Materials Characterization 工程技术-材料科学：表征与测试

CiteScore

7.60

自引率

8.50%

发文量

746

审稿时长

36 days

期刊介绍： Materials Characterization features original articles and state-of-the-art reviews on theoretical and practical aspects of the structure and behaviour of materials. The Journal focuses on all characterization techniques, including all forms of microscopy (light, electron, acoustic, etc.,) and analysis (especially microanalysis and surface analytical techniques). Developments in both this wide range of techniques and their application to the quantification of the microstructure of materials are essential facets of the Journal.

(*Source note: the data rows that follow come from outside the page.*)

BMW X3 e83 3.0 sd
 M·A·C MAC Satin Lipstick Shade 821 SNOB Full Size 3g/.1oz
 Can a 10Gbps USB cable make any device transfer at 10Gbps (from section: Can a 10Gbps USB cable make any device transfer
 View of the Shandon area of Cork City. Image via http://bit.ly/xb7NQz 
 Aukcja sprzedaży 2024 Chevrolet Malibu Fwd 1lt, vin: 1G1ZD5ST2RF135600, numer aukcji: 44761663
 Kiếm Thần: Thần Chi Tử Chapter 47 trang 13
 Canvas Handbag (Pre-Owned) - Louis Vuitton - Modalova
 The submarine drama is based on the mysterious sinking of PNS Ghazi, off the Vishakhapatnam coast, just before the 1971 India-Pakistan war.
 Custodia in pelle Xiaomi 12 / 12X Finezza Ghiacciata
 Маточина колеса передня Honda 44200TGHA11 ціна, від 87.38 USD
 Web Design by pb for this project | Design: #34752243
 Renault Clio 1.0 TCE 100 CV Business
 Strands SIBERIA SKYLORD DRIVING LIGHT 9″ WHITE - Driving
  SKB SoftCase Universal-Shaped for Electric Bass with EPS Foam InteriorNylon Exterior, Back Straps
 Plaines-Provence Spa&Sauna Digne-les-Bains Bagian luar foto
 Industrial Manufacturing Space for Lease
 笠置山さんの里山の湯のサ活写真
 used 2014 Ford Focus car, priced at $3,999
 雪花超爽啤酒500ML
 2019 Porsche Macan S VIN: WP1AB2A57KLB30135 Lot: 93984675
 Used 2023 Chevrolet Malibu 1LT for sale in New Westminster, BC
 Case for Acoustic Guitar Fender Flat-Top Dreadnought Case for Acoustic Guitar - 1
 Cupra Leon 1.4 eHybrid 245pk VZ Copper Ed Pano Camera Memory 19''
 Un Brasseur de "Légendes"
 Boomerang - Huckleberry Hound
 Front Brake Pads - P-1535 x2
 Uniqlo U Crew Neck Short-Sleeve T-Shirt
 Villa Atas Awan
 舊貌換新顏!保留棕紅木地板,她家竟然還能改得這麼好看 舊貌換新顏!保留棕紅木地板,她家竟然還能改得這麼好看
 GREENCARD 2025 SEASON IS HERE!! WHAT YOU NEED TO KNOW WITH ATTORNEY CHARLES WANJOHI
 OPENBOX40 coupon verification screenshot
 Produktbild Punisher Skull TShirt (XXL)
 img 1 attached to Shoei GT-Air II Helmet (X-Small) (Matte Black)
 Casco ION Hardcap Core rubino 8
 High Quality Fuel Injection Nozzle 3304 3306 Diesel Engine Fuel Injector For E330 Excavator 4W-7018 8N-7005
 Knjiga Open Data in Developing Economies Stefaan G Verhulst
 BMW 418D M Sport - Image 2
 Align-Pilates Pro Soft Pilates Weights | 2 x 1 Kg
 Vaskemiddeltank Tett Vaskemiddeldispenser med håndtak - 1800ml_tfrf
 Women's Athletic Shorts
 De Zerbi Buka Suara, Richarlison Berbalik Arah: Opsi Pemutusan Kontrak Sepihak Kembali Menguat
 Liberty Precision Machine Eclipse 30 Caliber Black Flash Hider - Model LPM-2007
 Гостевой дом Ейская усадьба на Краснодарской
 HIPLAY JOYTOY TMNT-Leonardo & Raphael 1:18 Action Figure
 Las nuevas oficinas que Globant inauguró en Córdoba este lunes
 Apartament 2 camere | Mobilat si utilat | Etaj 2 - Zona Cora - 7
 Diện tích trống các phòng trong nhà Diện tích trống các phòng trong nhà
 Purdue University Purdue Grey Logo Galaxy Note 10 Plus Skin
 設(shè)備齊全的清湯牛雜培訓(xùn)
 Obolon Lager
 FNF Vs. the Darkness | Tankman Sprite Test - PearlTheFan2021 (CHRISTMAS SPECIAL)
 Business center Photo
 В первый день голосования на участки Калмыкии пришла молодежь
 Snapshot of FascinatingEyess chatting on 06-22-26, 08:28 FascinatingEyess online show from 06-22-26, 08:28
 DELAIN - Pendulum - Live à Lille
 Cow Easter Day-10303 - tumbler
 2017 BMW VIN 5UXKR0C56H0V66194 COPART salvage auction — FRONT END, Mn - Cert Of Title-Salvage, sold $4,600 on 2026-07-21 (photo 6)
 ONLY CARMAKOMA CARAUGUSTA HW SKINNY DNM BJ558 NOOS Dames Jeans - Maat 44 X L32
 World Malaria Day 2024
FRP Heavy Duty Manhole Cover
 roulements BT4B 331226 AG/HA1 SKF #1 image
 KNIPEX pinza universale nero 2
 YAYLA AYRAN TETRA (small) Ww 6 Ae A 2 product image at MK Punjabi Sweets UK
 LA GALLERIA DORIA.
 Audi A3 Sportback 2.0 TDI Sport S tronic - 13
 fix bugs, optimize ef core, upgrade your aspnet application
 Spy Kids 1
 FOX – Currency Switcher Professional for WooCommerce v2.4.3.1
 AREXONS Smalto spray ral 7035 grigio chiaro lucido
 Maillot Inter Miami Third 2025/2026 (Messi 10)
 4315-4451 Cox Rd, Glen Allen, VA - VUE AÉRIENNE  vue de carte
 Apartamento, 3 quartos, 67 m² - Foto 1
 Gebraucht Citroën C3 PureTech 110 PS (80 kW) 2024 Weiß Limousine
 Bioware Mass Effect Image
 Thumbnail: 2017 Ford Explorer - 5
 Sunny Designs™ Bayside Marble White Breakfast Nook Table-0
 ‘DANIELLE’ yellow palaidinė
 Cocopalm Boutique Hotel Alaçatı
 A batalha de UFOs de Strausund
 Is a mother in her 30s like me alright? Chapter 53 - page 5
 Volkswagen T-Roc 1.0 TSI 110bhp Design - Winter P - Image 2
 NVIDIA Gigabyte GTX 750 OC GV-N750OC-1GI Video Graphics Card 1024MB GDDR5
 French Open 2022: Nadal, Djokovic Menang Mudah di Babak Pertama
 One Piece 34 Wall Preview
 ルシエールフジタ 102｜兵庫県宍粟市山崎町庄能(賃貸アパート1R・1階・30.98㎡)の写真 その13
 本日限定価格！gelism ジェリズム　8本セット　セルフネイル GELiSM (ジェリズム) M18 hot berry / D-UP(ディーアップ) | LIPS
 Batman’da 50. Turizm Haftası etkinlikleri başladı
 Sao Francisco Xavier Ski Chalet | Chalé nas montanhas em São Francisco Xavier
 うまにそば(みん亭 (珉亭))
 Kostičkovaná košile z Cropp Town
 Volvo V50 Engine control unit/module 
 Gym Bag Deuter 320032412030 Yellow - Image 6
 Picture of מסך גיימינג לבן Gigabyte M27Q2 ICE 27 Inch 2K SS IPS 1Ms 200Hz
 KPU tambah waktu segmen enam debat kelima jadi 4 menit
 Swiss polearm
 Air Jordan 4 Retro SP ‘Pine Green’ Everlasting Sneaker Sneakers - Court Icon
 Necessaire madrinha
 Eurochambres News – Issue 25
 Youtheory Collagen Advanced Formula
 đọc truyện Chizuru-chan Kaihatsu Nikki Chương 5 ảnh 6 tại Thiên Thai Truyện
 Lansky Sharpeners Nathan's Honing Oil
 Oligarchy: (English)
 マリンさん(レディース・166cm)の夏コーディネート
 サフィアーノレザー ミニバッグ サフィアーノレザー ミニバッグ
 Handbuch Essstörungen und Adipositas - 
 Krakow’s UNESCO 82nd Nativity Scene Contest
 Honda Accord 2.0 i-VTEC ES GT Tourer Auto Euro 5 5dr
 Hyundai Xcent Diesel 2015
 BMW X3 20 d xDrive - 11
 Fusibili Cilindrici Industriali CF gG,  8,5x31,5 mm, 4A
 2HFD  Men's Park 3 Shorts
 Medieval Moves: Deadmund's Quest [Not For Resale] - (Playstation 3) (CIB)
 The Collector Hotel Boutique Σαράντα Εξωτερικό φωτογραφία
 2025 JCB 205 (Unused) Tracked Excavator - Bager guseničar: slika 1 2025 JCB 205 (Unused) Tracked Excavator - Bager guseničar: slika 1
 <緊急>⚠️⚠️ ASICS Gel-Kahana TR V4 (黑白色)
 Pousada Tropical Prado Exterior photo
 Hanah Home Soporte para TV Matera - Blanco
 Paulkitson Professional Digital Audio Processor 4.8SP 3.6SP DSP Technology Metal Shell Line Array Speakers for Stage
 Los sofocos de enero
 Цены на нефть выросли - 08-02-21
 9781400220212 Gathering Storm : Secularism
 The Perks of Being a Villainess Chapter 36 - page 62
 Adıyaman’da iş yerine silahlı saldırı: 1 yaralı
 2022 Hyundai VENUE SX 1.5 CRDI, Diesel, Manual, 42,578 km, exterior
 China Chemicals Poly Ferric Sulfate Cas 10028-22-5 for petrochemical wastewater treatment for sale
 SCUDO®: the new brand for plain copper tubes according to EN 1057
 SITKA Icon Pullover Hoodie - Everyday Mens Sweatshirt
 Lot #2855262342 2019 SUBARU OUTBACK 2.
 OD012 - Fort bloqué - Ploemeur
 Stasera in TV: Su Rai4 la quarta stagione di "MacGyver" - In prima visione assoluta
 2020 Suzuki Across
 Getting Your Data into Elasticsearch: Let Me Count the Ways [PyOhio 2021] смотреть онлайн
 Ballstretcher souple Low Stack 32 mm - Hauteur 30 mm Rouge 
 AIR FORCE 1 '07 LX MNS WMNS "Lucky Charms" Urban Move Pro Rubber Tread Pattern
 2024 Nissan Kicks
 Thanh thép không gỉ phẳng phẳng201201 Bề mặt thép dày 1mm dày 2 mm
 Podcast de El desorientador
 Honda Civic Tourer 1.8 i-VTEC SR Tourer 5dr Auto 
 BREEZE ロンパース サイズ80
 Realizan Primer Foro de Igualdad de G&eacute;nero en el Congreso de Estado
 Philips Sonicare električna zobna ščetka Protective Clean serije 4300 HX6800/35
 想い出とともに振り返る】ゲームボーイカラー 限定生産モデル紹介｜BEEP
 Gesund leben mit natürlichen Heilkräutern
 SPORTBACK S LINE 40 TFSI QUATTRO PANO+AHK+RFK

The Journal provides the Materials Scientist/Engineer with up-to-date information on many types of materials with an underlying theme of explaining the behavior of materials using novel approaches. Materials covered by the journal include: Metals & Alloys Ceramics Nanomaterials Biomedical materials Optical materials Composites Natural Materials.